In California, delinquencies on prime mortgages could increase for years, said Christopher Thornberg, founder of consulting firm Beacon Economics in Los Angeles.
One reason, he said, is that home lenders became so complacent during the housing boom that they did little to qualify borrowers besides having computers check a few facts.
“ ‘Prime’ lost a lot of meaning in the insanity of the last few years,” said Thornberg, who was one of the first experts to foresee the housing downturn.
To be sure, the damage has been greatest in subprime mortgages, the high-risk loans tapped heavily during the go-go years by borrowers with the worst credit, the heaviest debt loads or the lowest down payments (and sometimes all three of those).
In August, more than 43% of subprime loans nationally were in foreclosure or at least 60 days late in paying, a rate nearly double that of August 2007, according to First American CoreLogic’s LoanPerformance unit, which tracks 82% of all U.S. loans.
But problems with prime loans are increasing as fast or faster.

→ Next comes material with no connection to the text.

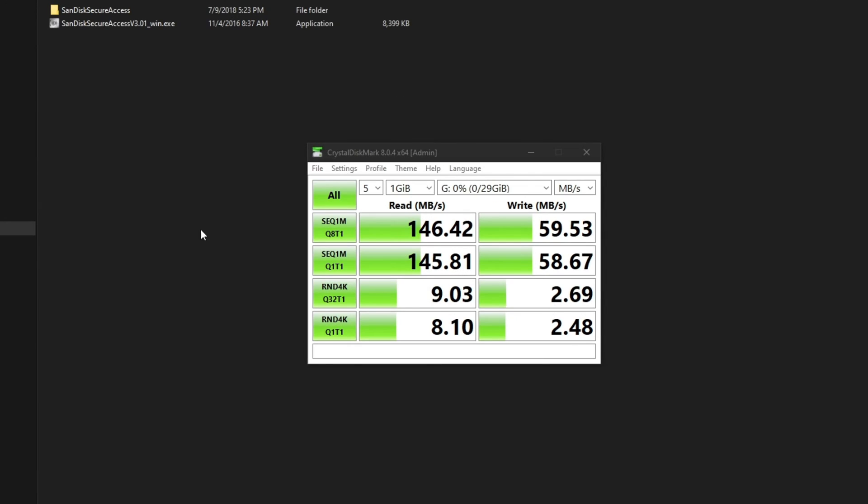So the test is complete here. You can pause it here if you want to take a closer look. I'm just gonna go over the first test. So the read speed I got is 146.42 megabytes per second, which is actually faster than what was advertised on the package at 130 megabytes per second. And the write speed is 59.53 megabytes per second. So really happy with that - a great speed for a USB 3.0 flash drive.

About 7.5% of prime jumbo mortgages -- high-quality home loans too large to be sold to government-backed Fannie Mae and Freddie Mac -- were at least 60 days late or in foreclosure, according to LoanPerformance. That was more than three times the level of a year earlier.
As a result, prime loans account for a larger proportion of foreclosures than they did in August 2007.
In Murrieta, Jones said she never wanted anything other than a safe, prime loan. She has worked nearly nonstop since she was 19. She moved from El Cajon to Murrieta in 2005 with her adult daughter, who provided $20,000 of the $80,000 down payment on the new three-bedroom home.
With property values still rising, they took out a second mortgage for home improvements in 2006, a 15-year loan for $40,000 with a fixed interest rate of 9.25%, bringing their total mortgage debt to about $355,000. Between her salary in Corona and her daughter’s work at a preschool, the $2,276 in monthly home loan payments was manageable.
Jones, whose recent duties in Corona included badgering the owners of foreclosed homes to maintain the properties, had survived a round of city layoffs this spring but was not so lucky when Oct. 2 arrived.
“I came in that morning and I was gone by 10 a.m.,” she said. To make things worse, her daughter recently had been laid off from the preschool.
Jones figures she owes about $100,000 more on the mortgages than her home’s current value. She said she notified Bank of America Corp.'s Countrywide unit, which funded both loans, soon after she lost her job -- the approach the lender urges troubled borrowers to take.
But the Calabasas lender declined to talk about changing the loan terms so long as she was current on payments, she said. So she intentionally missed an Oct. 15 deadline, then called Countrywide again and asked for help.
The lender offered to reduce her total payment to $1,500 for three months, adding the difference back to her loan balance, she said. But when Countrywide said the arrangement would damage her credit score, she declined the offer, dipping into her savings to make the full payments.
Asked for comment early this month, Countrywide didn’t dispute Jones’ account. Representatives of the lender called later that day with a better offer. Jones said late last week that she was working with Countrywide to finalize a deal that would lower her payments for three months -- with an option for significant, longer-term modifications.
Levy, the Palo Alto economist, said stories like Jones’ and the ominous mortgage delinquency trends illustrated the “critical importance” for the economy of having lenders work to keep troubled borrowers in their homes.
“The only practical help in sight is to get as many of these potential foreclosures modified as possible, so they come off the market,” he said.